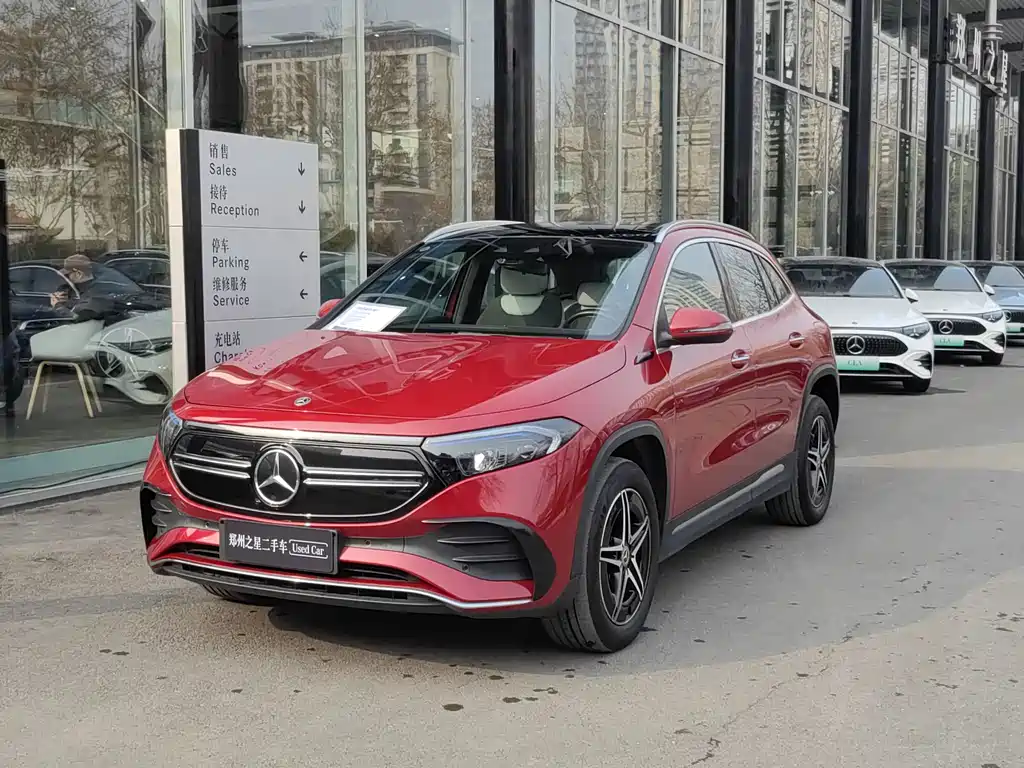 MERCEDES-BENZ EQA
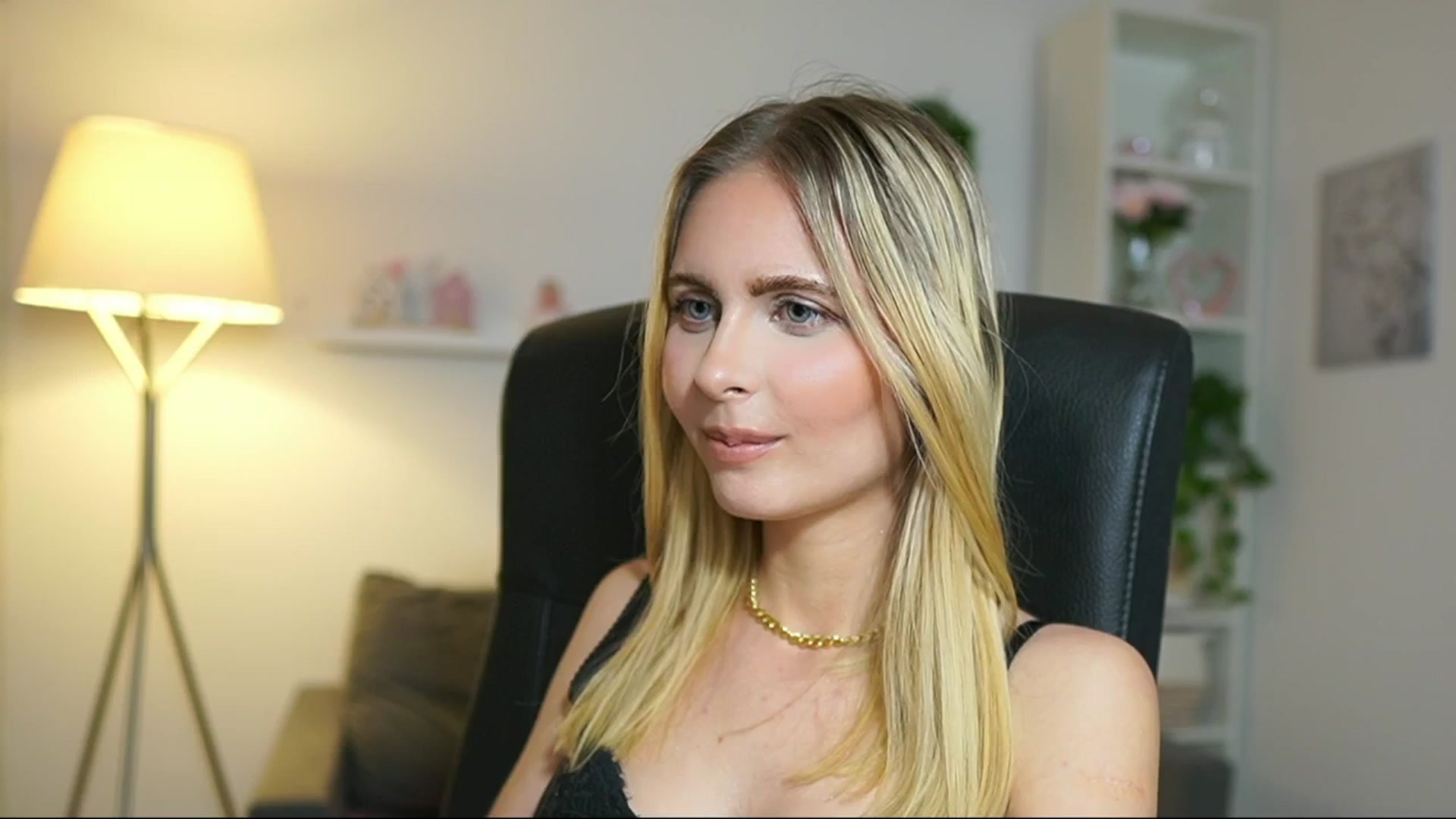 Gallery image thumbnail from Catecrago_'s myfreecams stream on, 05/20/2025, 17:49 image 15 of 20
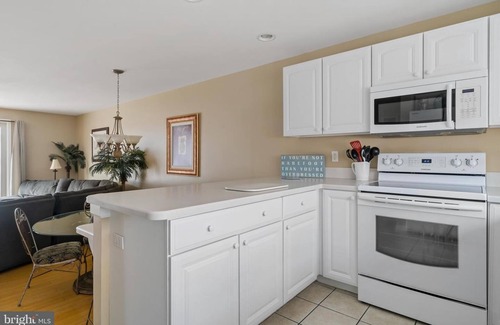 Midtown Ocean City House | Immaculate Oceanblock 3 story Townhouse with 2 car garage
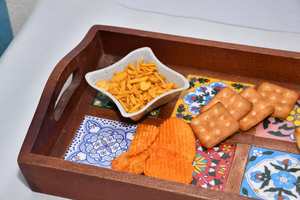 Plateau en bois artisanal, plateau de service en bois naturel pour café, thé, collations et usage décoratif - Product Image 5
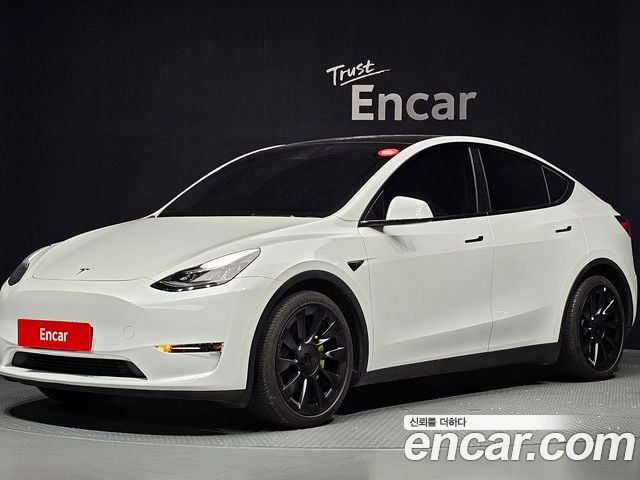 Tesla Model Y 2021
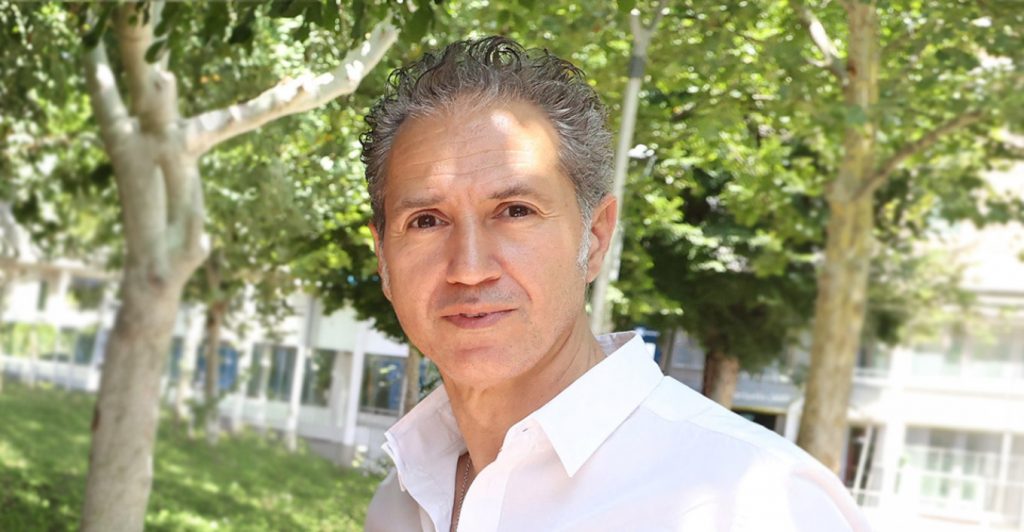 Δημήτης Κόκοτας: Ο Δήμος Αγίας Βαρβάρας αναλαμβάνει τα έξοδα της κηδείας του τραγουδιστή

**Problem statement**
In your copy, include no pictures and only the lines from the line with "Plateau en bois" through the final line of the listing above, reproduced exactly.

**Solution to this exercise**
 Plateau en bois artisanal, plateau de service en bois naturel pour café, thé, collations et usage décoratif - Product Image 5
 Tesla Model Y 2021
 Δημήτης Κόκοτας: Ο Δήμος Αγίας Βαρβάρας αναλαμβάνει τα έξοδα της κηδείας του τραγουδιστή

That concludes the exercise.